Any mushroom will do, but different mushrooms produce varying levels of vitamin D. For example, every 100 grams of portabella mushrooms make 835 IU of vitamin D. You should choose mushrooms based on their nutrition and not their vitamin D-producing capacity. Among the top picks are shiitake and chaga mushrooms, which have some of the highest antioxidant activities and are being investigated as potential supplemental cancer therapies.
Eating your naturally vitamin D-enriched mushrooms as a dietary source of vitamin D is the solution that lets you up your vitamin D levels without resorting to eating more mercury-contaminated fish or unhealthy dairy products, or exposing yourself to more harmful UV radiation.
Mushrooms are vegan-friendly and a clean source of protein and omega-3 fatty acids, which do wonders for your brain and heart. They’re also filled with antioxidants and nice sources of some vitamins and minerals.
Unlike dairy products, these holistically healthy properties are why health buffs encourage you to incorporate mushrooms into your daily diet as a replacement for proteins sourced from meat, which have been found to increase your risk for cancer by 13 percent. (Whereas mushrooms’ antioxidants fight cancer.)
You can also take a daily vitamin D supplement, but here you run the risk of a vitamin D overdose if you don’t watch your dosage. Vitamin D supplements are also less economically savvy than mushrooms because all you’re getting is pure vitamin D without the additional natural nutrients of mushrooms, which are cheaper than the supplements.
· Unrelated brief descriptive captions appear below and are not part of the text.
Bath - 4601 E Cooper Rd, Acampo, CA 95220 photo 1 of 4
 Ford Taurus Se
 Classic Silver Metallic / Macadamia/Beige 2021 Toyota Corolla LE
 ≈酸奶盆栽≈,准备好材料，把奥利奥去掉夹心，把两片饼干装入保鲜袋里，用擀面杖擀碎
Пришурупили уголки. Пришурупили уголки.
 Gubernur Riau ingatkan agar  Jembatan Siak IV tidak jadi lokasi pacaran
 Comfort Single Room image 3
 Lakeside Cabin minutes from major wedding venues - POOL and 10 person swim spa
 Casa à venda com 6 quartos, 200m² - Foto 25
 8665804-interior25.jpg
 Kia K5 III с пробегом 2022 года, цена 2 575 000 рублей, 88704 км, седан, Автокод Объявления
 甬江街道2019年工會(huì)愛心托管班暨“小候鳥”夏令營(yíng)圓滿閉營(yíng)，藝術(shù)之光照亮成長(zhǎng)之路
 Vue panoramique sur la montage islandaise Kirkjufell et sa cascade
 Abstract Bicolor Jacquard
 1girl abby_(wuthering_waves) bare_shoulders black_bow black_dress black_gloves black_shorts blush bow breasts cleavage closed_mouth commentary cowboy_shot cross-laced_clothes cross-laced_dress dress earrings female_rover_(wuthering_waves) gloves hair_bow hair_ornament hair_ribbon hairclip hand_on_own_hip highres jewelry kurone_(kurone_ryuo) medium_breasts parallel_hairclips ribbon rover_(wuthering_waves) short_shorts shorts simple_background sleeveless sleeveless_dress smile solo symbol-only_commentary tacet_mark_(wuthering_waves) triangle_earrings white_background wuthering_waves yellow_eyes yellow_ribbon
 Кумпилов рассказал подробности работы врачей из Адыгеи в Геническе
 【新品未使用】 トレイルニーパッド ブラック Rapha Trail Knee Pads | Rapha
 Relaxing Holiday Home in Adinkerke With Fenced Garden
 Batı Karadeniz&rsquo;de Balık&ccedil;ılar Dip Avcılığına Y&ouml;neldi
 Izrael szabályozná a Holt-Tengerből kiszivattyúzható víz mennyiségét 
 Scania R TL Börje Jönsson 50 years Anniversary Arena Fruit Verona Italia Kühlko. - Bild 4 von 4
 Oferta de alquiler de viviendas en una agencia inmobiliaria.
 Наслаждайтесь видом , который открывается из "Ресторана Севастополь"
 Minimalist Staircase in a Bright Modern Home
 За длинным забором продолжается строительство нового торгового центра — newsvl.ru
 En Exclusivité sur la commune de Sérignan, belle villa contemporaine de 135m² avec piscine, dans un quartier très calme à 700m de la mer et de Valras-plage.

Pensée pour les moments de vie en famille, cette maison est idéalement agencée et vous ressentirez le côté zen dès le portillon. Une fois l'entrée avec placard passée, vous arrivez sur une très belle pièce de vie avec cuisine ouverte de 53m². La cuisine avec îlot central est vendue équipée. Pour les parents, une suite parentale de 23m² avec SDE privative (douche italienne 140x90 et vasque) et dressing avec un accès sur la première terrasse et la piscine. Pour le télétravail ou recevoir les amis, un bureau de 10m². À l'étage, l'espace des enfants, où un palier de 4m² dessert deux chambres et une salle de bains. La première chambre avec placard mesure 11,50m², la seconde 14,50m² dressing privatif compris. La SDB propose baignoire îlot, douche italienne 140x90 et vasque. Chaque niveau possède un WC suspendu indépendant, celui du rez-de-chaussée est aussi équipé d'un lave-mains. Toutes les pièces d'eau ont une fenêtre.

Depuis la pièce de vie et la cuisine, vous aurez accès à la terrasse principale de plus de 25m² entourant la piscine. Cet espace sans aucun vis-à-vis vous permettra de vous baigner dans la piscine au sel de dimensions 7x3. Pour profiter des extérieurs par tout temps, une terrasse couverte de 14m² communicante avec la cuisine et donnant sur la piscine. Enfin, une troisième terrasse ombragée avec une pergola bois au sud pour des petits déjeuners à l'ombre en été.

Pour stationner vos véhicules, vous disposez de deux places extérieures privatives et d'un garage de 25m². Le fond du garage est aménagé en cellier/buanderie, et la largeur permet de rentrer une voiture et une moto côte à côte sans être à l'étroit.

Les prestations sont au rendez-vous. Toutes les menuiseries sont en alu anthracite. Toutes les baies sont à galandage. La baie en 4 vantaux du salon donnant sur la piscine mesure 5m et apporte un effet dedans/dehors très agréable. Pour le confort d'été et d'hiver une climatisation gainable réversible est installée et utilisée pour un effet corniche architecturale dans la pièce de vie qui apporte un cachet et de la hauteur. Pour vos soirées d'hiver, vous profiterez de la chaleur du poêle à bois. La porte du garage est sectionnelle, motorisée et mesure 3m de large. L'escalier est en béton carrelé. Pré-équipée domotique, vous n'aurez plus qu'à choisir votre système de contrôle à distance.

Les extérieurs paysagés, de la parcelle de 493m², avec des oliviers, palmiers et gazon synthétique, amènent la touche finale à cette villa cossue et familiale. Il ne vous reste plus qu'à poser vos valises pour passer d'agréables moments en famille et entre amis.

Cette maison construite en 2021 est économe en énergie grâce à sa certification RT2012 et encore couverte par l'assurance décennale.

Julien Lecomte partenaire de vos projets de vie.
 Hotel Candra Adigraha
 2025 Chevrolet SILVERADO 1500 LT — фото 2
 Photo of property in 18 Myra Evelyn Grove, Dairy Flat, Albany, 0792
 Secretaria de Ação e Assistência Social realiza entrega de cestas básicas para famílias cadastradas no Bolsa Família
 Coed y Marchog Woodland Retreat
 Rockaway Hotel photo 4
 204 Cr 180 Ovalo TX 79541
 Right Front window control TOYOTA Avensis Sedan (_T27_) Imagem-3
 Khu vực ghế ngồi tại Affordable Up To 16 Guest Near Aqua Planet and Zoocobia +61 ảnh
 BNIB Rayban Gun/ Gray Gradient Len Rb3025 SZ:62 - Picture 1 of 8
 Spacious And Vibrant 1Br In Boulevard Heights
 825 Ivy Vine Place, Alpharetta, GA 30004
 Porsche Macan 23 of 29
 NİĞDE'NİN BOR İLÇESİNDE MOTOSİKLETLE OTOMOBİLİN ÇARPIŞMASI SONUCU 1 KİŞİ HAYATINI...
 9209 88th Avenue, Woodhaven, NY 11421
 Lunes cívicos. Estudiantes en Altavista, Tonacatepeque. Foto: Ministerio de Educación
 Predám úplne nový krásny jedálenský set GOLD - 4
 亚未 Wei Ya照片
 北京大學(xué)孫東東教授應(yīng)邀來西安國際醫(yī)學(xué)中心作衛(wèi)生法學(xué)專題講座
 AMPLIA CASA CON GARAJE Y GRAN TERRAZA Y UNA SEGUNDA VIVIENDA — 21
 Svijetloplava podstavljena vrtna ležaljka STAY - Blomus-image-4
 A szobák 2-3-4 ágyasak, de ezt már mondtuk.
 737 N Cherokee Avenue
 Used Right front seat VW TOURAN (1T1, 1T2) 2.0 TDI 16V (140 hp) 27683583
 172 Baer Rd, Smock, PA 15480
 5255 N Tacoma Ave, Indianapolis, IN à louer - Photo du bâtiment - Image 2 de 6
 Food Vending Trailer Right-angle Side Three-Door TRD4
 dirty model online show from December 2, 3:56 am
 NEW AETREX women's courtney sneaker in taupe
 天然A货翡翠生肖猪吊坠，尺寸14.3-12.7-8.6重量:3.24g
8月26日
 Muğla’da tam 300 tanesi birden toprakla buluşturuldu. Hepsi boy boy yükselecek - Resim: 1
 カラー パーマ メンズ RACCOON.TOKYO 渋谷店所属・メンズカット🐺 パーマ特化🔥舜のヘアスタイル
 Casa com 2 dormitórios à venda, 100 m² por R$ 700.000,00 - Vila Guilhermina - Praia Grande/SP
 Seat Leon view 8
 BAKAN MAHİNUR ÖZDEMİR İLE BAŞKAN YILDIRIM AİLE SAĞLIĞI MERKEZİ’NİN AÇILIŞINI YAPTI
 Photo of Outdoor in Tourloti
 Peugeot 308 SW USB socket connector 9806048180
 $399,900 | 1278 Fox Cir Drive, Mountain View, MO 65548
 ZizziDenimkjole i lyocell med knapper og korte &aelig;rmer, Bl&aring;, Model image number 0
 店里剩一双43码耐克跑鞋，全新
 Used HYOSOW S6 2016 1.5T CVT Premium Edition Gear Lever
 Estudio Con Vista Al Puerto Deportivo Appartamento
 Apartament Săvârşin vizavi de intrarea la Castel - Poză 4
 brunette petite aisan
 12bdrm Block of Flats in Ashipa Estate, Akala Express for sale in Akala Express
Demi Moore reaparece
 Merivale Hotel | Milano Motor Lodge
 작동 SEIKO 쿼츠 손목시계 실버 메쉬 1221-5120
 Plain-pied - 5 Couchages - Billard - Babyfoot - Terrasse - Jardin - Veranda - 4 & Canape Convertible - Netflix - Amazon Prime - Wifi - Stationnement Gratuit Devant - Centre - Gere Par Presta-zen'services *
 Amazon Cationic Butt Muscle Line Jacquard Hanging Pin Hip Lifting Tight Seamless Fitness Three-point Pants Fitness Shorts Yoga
Now that you’re more aware of vitamin D’s role in your holistic health, you should up your dietary intake by mixing your sunbathed-mushrooms into your daily salads and meals. Continue wearing sunscreen because it protects your skin from cancer and accelerated aging from contact with the sun. If you’re breastfeeding an infant, it’s important to double your vitamin D intake because you’re the main source of your baby’s vitamin D.